Lab is a color space based on color-opponent theory – defining a color by its combination of black vs. white, green vs. red, and blue vs. yellow. It is perceptually uniform, meaning that a change in any dimension by a given value will be perceived as having (more or less) the same magnitude. It is also an absolute (device-independent) color space with a very wide range of colors, which makes it popular throughout the industry. It is mathematically based on the XYZ color space described above.

Technical note: NPS Image Editor and Color Picker isn't (yet!) smart enough to know the characteristics of your monitor. Thus it assumes the sRGB color space for output, with a 2° observer and D65 (6500K) standard illuminant.


HCL is a transformation of the Lab color space into hue, chroma, and lightness channels. If this sounds similar to HSL, you're partially correct – HCL has the same benefit of intuitively allowing for selection of a color. Unlike HSL, it maintains the perceptual uniformity of Lab which allows (among other things) the hue to vary without impacting perceived brightness very much. So by changing the hue alone of pure blue to yellow (and pure yellow to blue), you can obtain colors with roughly the same perceived brightness, ensuring that the text is still readable.


RGB is an additive color space, so black represents "no color" and white represents "all colors". This makes sense when working with light. However, when working with print media, the opposite is true – you start with a white sheet of paper (no ink) and then "subtract" from the white paper with different colors of ink (so black = all the inks). Since the secondary colors of light are cyan (green + blue), magenta (blue + red), and yellow (red + green), they logically become the primary colors of ink.

The CMYK color space takes cyan, magenta, and yellow as primaries, and adds a "key" channel which represents black ink and allows printers to minimize the use of more expensive (and less predictable) colored inks for darkening an image. NPS Color Picker's implementation allows for a simplistic (i.e. non-absolute) manipulation of these colors and the ability to calculate an optimal value of the key channel from a given color.
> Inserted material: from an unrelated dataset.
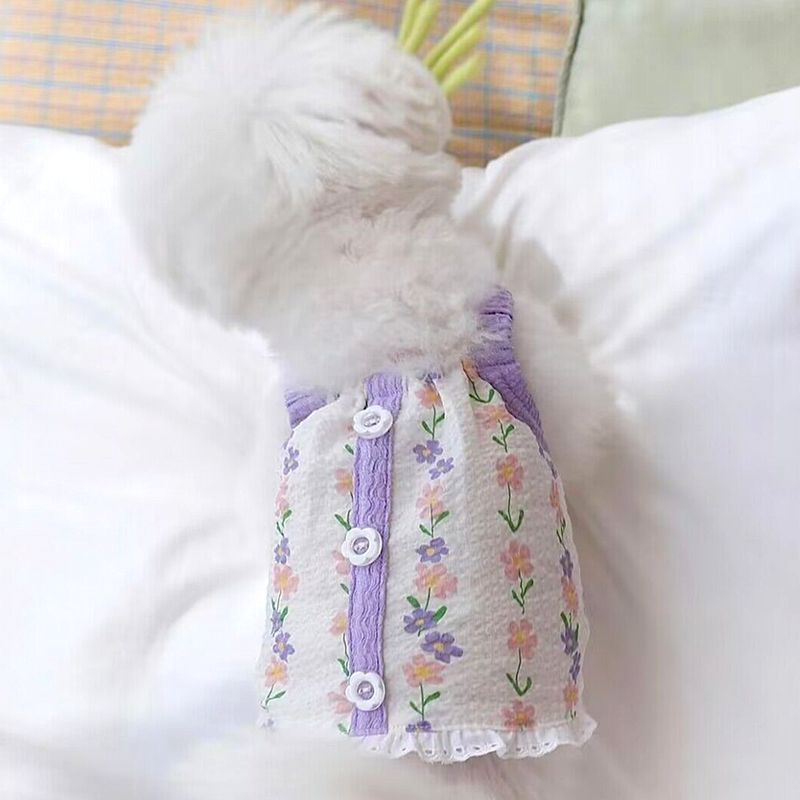 Thin Cat Pet Strap Tank Top Clothing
YUV is a color space designed to allow brightness (luma) and color (chrominance) to be separated. This was developed to allow color television signals to be processed by existing black-and-white televisions. Since humans are much more sensitive to brightness variations than color variations, it also allows for more efficient lossy compression; you can store the color information with significantly less precision than the brightness information and still get a mostly-usable image.
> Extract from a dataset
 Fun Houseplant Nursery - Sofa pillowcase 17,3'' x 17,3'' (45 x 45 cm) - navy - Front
You have likely seen YUV, or some variant thereof, in use on a daily basis. If you still have a DVD player, look on the back of it and notice the Y/Cb/Cr jacks – Y is luma, Cb is blue chrominance (U), Cr is red chrominance (V). Unplugging Cb and Cr gives you a black-and-white image; swapping Cb and Cr gives you "weird" colors. HDMI can use a similar encoding (but digitally and as part of a single cable). JPEG images and MPEG video make use of the perceptual differences in brightness vs. color to more effectively compress an image into a smaller file size while maintaining visibility.

An interesting note is that the range of YUV values isn't 0-255 or even 0-100 – it is 16-239, to account for characteristics of older video broadcast systems. Another interesting note is that zeroing out the values (to 16,16,16) results in a dark green color instead of black, which is why scratched-up DVDs or corrupt video files often litter the screen with dark green squares.